One-time St. Croix aluminum manufacturers and about 80 of their former employees reached a formal settlement Tuesday, according to court records, just as the long-awaited trial for alleged exposure to carcinogenic industrial dust was to begin. Details of the settlement have not been revealed but roughly 85 more bauxite and asbestos suits remain open against former Virgin Islands aluminum refiners.
Attorneys for Lockheed Martin, the defense and aerospace giant that now owns companies that processed bauxite for aluminum manufacturing for decades in St. Croix, and attorneys for former maintenance worker Milton Burt filed papers in Superior Court Monday indicating they were approaching a settlement. Judge Alphonso Andrews Jr. released the jury that afternoon.

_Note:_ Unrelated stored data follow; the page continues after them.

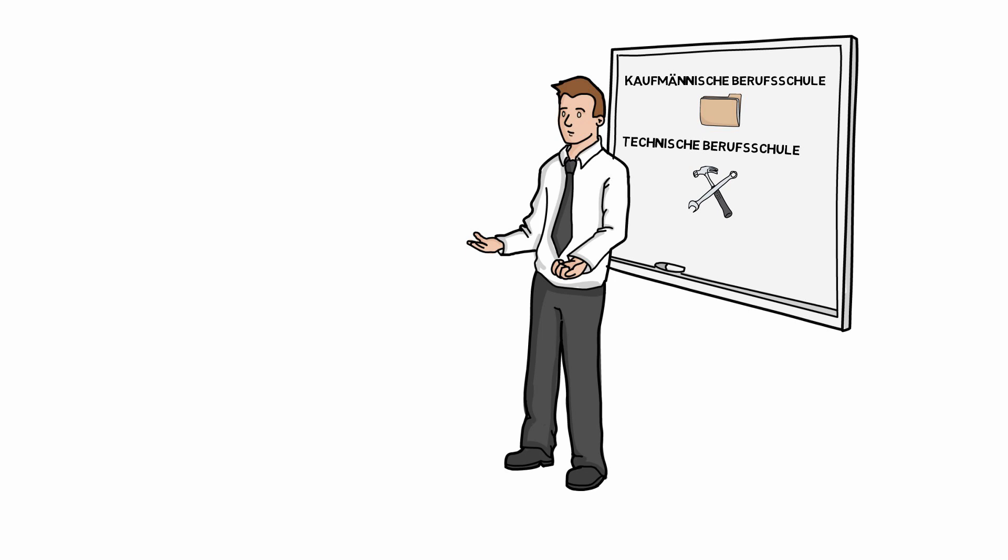This school visit has nothing to do with learning to do reading and writing. It's about practical skills for the future profession. For example, operating computer-controlled machines or basic medical knowledge for nursing professionals. Noah practically works in the workshop, but at school he learns the basics of electronics. This apprenticeship with a visit to a vocational school usually takes three years.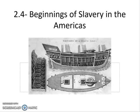Hello, Mr. McLaughlin here, and welcome to another PowerPoint of Notes. This is going to be Chapter 2.4, Beginnings of Slavery in the Americas.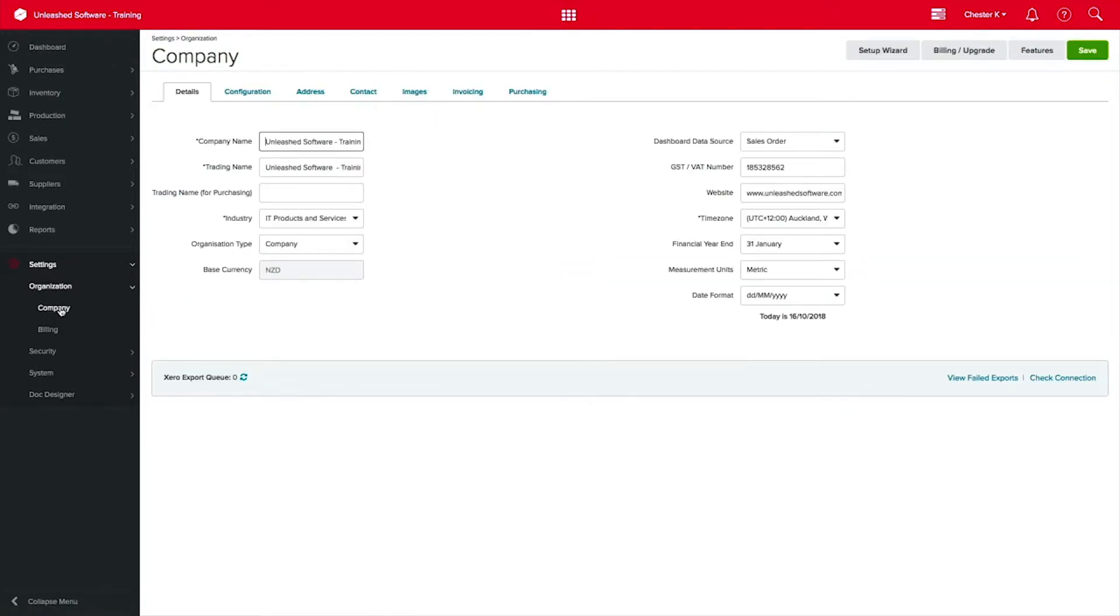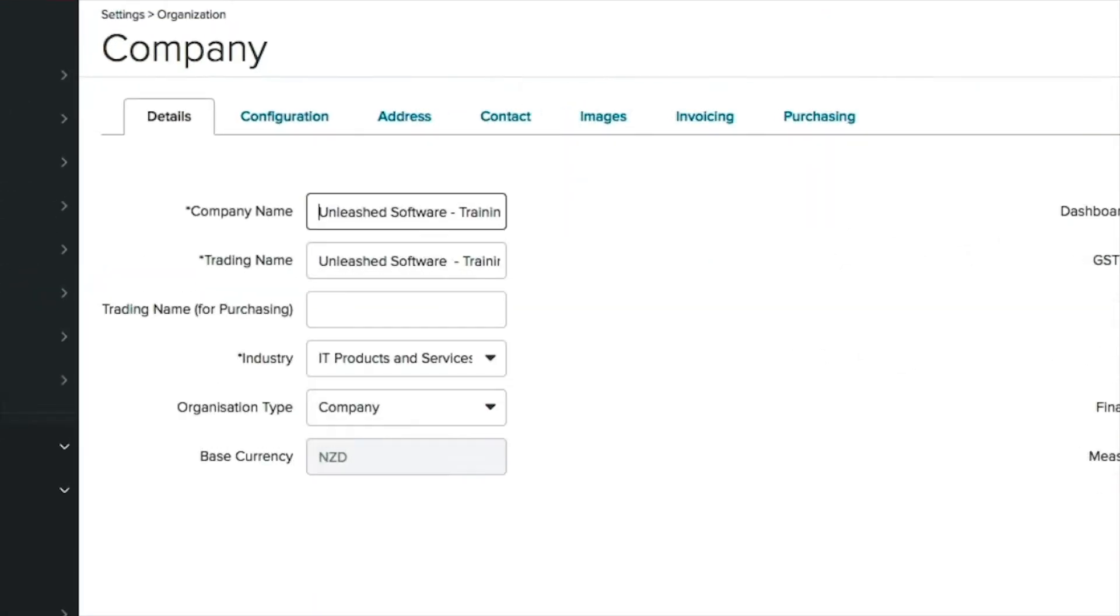By default, you will land on the Details tab on the Company Settings page, where you will find your company name, trading name, and industry. These details would have been set up when you first created your account. These are mandatory fields but can be changed anytime.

Some of the cases settled were first filed in 2007, although most were brought between 2020 and 2022. Similar suits go back even further. Many of the original claimants died, with the suits carried on by family members.
St. Croix-based attorneys for Lockheed did not immediately reply to messages seeking comment. Attorneys for Burt and other plaintiffs confirmed a settlement had been reached but declined to comment further.
Employees of aluminum manufacturer Martin Marietta, which later became Lockheed Martin, claimed the company failed to equip or properly warn them of exposure to bauxite dust and other cancer-causing lung irritants. Burt was a maintenance worker at the plant for 26 years, according to a lawsuit he filed in 2021, who had little or no protection from bauxite dust, asbestos and more.
Burt and others developed pneumoconiosis — respiratory ailments sometimes called black lung, according to court records. Still pending before the Superior Court are other allegations of lung scarring from exposure to bauxite dust and asbestos.
Anthony Allick and Martin Matthew, also suffering from pneumoconiosis, sued their former employers, now called Glencore, in 2021 with claims similar to Burt’s: Lax industrial oversight led to otherwise preventable illness. Attorneys for the men hoped for November or January jury trials. More than 80 others have filed similar suits.